Let’s break this down.
What is a Price to Book Ratio
A price to book ratio, or PB, is equal to the following:
PB = Share Price / Book Value of Equity Per Share; or
PB = Market Capitalization / Book Value of Equity.
where:
Book Value of Equity = Total Assets minus Total Liabilities.
What it tells you is how much of a premium a share trades at to the actual book value of what common stockholders own.
Put another way – a company has $1m in assets and $500k in liabilities. Therefore, there is $500k in equity. Presumably, if the company was liquidated and everything was liquidated at book value, shareholders would receive $500k pro-rata.
Interpreting a Price to Book Ratio
When interpreting a price to book ratio, you need quite a bit of context.
You may be thinking, why would you ever purchase a company above its book value? The answer is two-fold.
First, you are ignoring future growth. In the above example, $500k in equity in a company that grows at 2% a year is quite different from a company growing at 20% per year. This is why growth stocks tend to trade at higher PB ratios.
Second, there can be significant accounting differences between company that over-inflate, or under-inflate, the book value of equity. The biggest example is around goodwill/acquired intangible property on the balance sheet, versus internally developed intangible property that is not accounted for as an asset.
In the latter case, shareholder equity may be inflated when comparing to a company that developed everything internally. Remember, all else equal, more assets equals more equity.
All in all – you need to do more due diligence than just read a price to book ratio. You must understand WHY a price to book ratio is what it is versus its competitors.
What is a Good Price to Book Ratio?
You can probably tell by now that, all else equal, a lower price to book ratio is better than a higher price to book ratio. But, like I said, we need context.
Because of that, I’ve broken down my ideal price to book ratios for growth stocks and value stocks.
Growth Stocks
For a growth stock, I look for a price to book below 7. Why is that?

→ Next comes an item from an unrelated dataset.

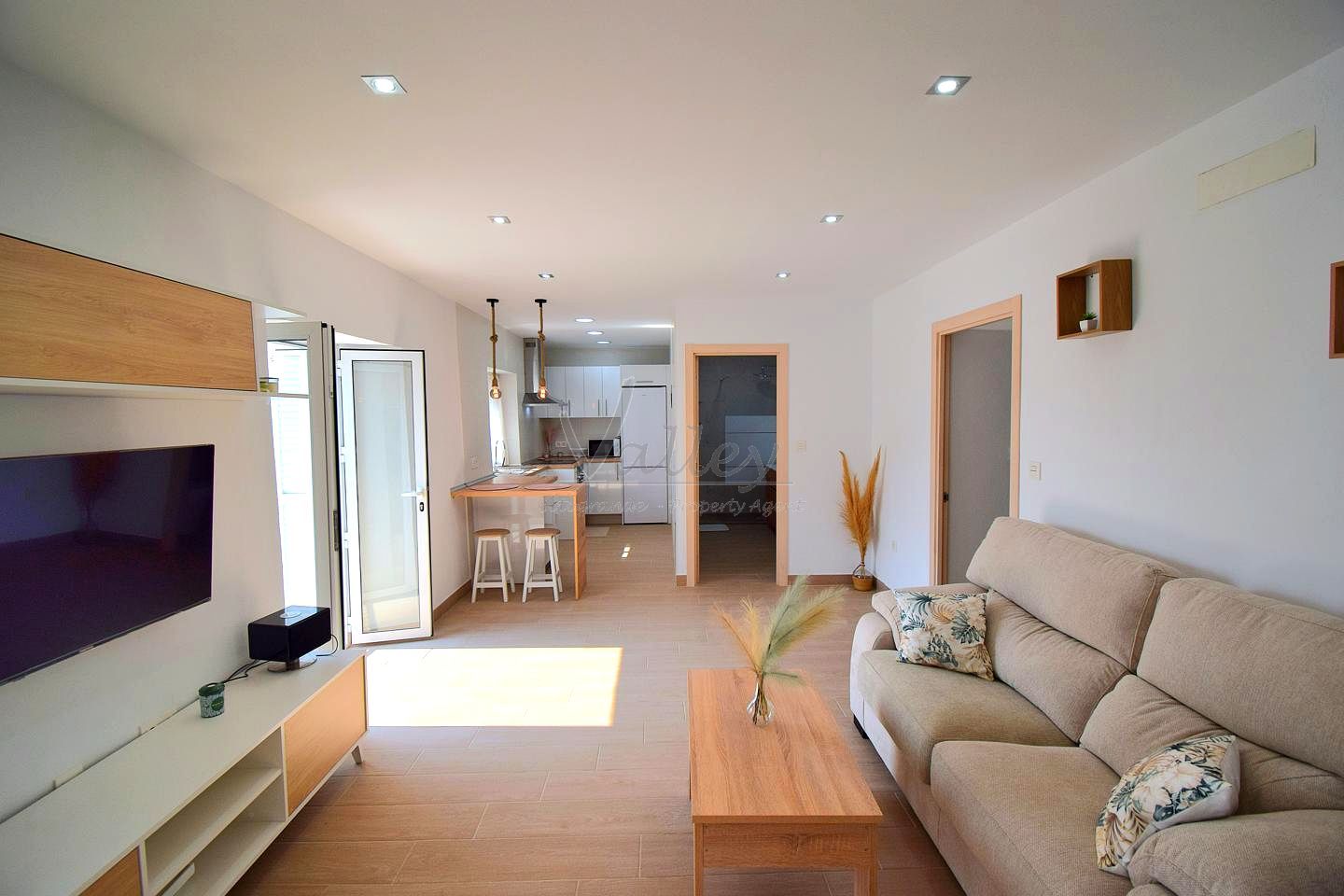 Living room of Flat for sale in San Roque  with Terrace and Furnished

As of writing this post, QQQ, which tracks the NASDAQ, trades at a price to book ratio of around 7. The NASDAQ is heavily concentrated with growth stocks and gives us some insight into how broader growth stocks trade.
Therefore, if a company is trading above QQQ’s price to book ratio, I need to understand why. It could mean that it is overvalued, or there could be another reason.
Value Stocks
For a value stock, I look for a price to book below 3.

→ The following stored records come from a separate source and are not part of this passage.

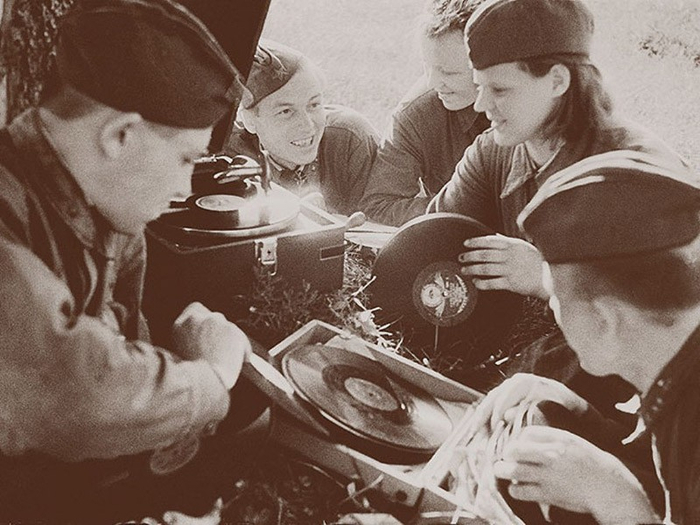 000-пластинки (700x525, 328Kb)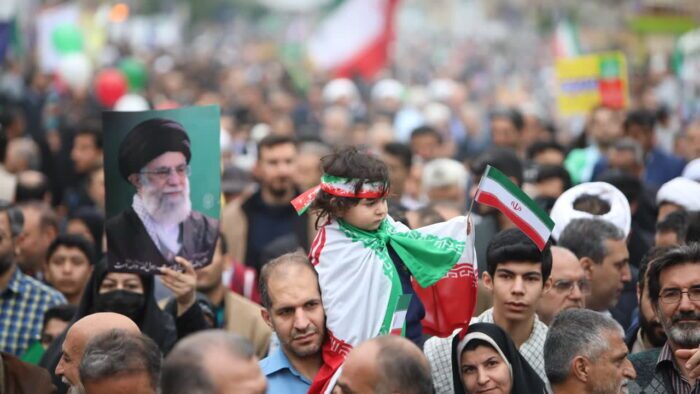 استاندار: مردم خوزستان همواره حامی انقلاب اسلامی بوده اند 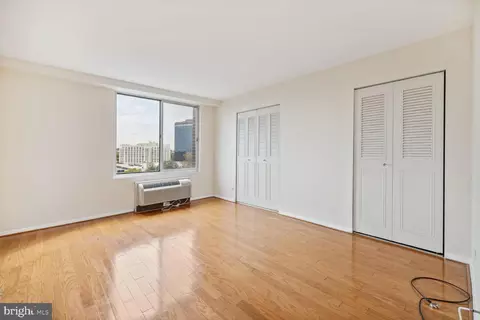 9701 Fields Rd #502, Gaithersburg, MD 20878 photo 2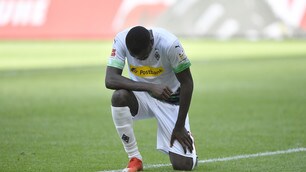 Marcus Thuram segna si inginocchia: esultanza dedicata a George Floyd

Value stocks, conversely, tend to trade at lower price to book ratios. These stocks generally are lower growth stocks, but make up for it with strong profits and cash flow.
In other words, you are investing more for TODAY’s earnings, rather than tomorrow’s potential earnings.

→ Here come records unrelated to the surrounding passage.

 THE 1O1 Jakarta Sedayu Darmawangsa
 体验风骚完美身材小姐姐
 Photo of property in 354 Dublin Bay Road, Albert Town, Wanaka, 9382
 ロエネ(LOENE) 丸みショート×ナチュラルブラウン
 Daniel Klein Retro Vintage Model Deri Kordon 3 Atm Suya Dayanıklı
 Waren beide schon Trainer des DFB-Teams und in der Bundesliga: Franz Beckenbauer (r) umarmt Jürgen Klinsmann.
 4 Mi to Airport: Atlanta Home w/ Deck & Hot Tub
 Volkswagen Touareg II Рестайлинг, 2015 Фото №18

As of writing this article, most value indexes of large cap stocks trade somewhere between a 2-3 price to book. Therefore, if a company is trading higher than that, I want to dig into it and understand why.
Bottom Line
So there you have it! A price to book ratio is a tricky metric and needs a lot of context. But if you can dig through the muck and understand what’s going on, you can glean some great insight.
To summarize then, here’s what I’m broadly looking for in terms of what is a good price to book ratio.
For a growth stock, I look for a price to book below 7
For a value stock, I look for a price to book below 3
DISCLAIMER – THIS ARTICLE IS NOT FINANCIAL ADVICE. THIS ARTICLE DOES NOT CONSTITUTE A BUY, SELL, OR HOLD RECOMMENDATION ON ANY SECURITY MENTIONED HERE. THIS ARTICLE CONSTITUTES MY OPINION AND NOT A STATEMENT OF FACT. ALL INFORMATION REGARDING THE FINANCIAL SECURITIES MENTIONED IS ACCURATE AS OF JANUARY 23, 2024. DO YOUR OWN RESEARCH.